There are things that could be done immediately to help support those who have lost everything in the recent flooding and Cyclone Gabrielle, says Green Party co-leader James Shaw.

The Greens have floated a windfall profit tax to help support the cleanup.

"The Green Party has said a number of times that in this inflationary environment, there are a number of companies that are making massive, unearned windfall gains simply because of constrained supply.

"They haven't done anything additional to earn those profits."

Whether the government needed to buy homes in flood-hit areas was something that needed to be worked through at speed, he said.

"In Australia, there was a buy-out situation after their floods over there which enabled people to take their insurance money for the home but to relocate to safe ground. I do think we need to look at something like that here."

Shaw wants to table the Climate Adaptation Bill before the election but said it was unlikely to pass before the end of the year.

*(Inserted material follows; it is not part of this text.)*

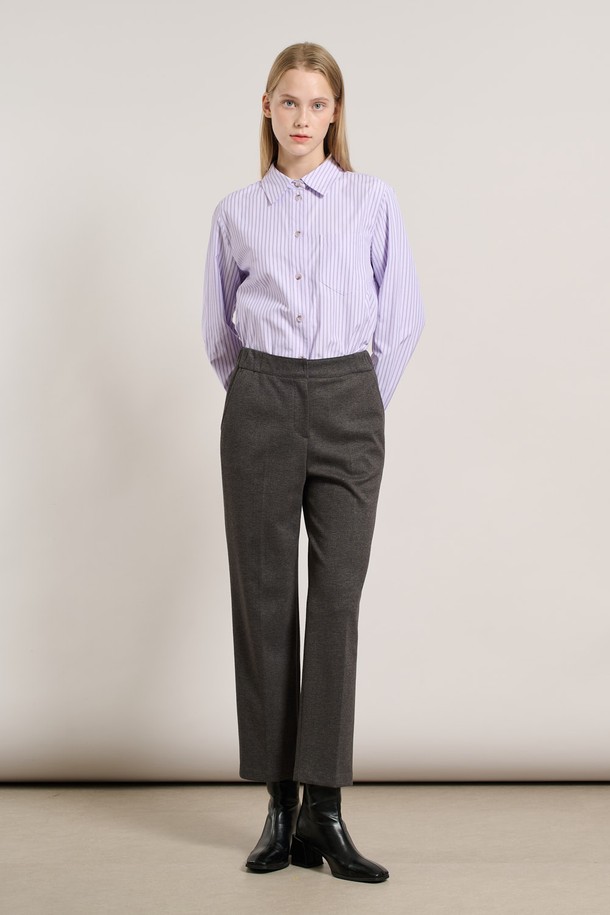 [25WT] 와끼밴딩 일자핏 팬츠 - CHARCOAL GRAY A5WAP38498는 여성 의류로, 베이직한 스타일의 일상복 및 출근룩으로 활용하기 좋은 긴바지입니다. 차콜 그레이 컬러의 무지 디자인으로 미니멀, 클래식, 캐주얼 등 다양한 스타일을 연출할 수 있습니다. 허리 부분 와끼밴딩 디테일로 편안한 착용감을 제공하며, 다리가 길어 보이는 일자핏 디자인이 특징입니다. 사계절 모두 활용 가능한 실용적인 아이템입니다.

The bulk of the bill addresses the issue of managed retreat, relocating settlements away from vulnerable areas.

"We are going to be looking and seeing what we can do to accelerate it."

It was good the National Party had offered to support it in a bipartisan manner, he said.

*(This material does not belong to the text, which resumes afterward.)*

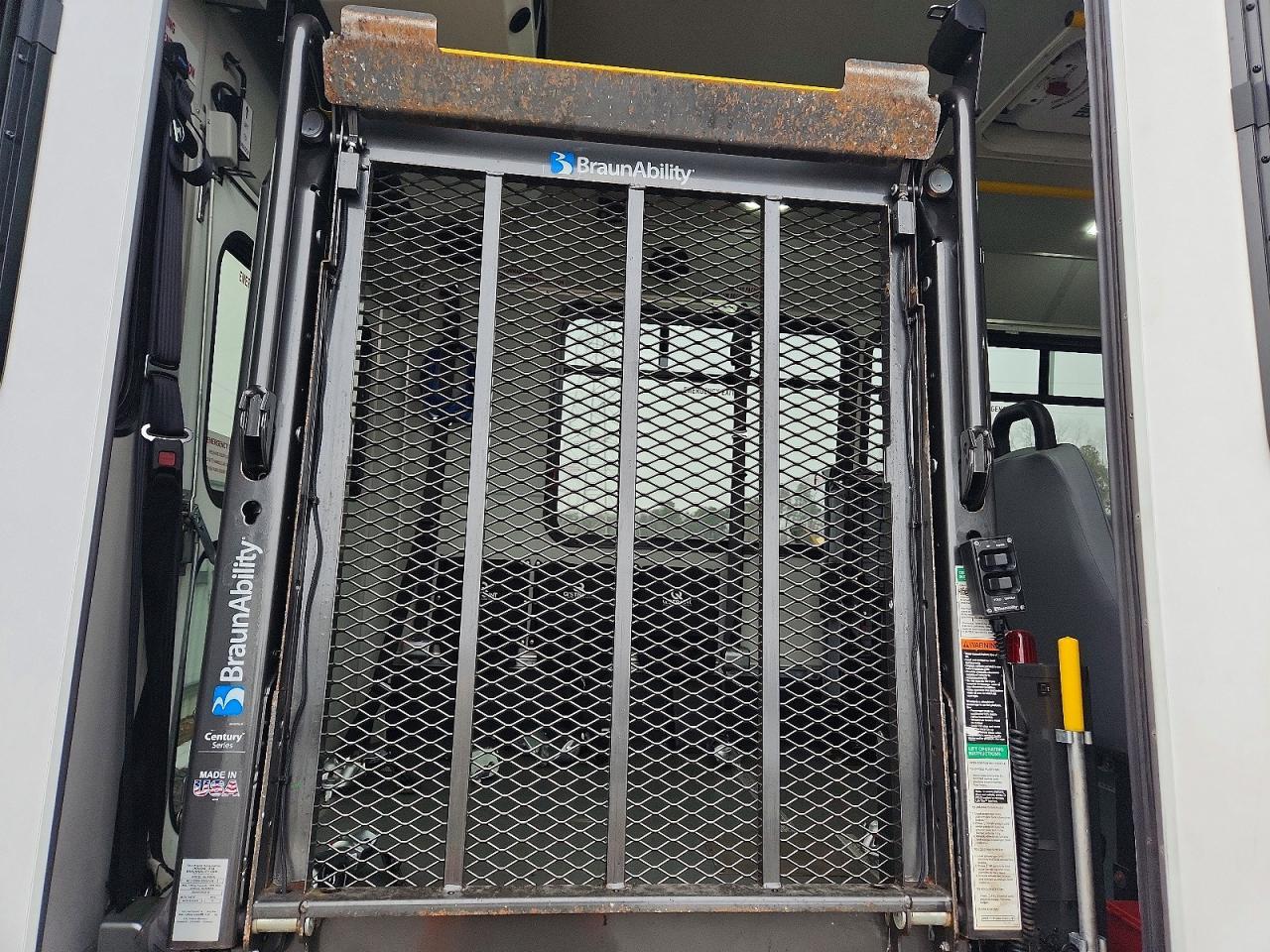 2020 Chevrolet Express G4500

National MP Maureen Pugh walked back on comments she made at Parliament on Tuesday morning about awaiting evidence that humans have contributed to climate change.

Pugh was pulled into line by the National Party leadership who said they would provide her with plenty of reading material laying out the science and the evidence.

"I don't have a lot of time for people who are stuck in climate denial and essentially adopt an anti-science position," Shaw said.

"It's clear that her leadership had had a conversation with her and she reversed her position."

Asked whether an amnesty for RSE workers who have overstayed was a good thing, Shaw said climate change was displacing more and more people both here and in the Pacific.

"I think having an immigration system that treats people with dignity and takes account of those circumstances would be no bad thing at all."

Shaw said there were thousands of people who lost everything in Cyclone Gabrielle and the top priority now has to be to make sure they have everything they need.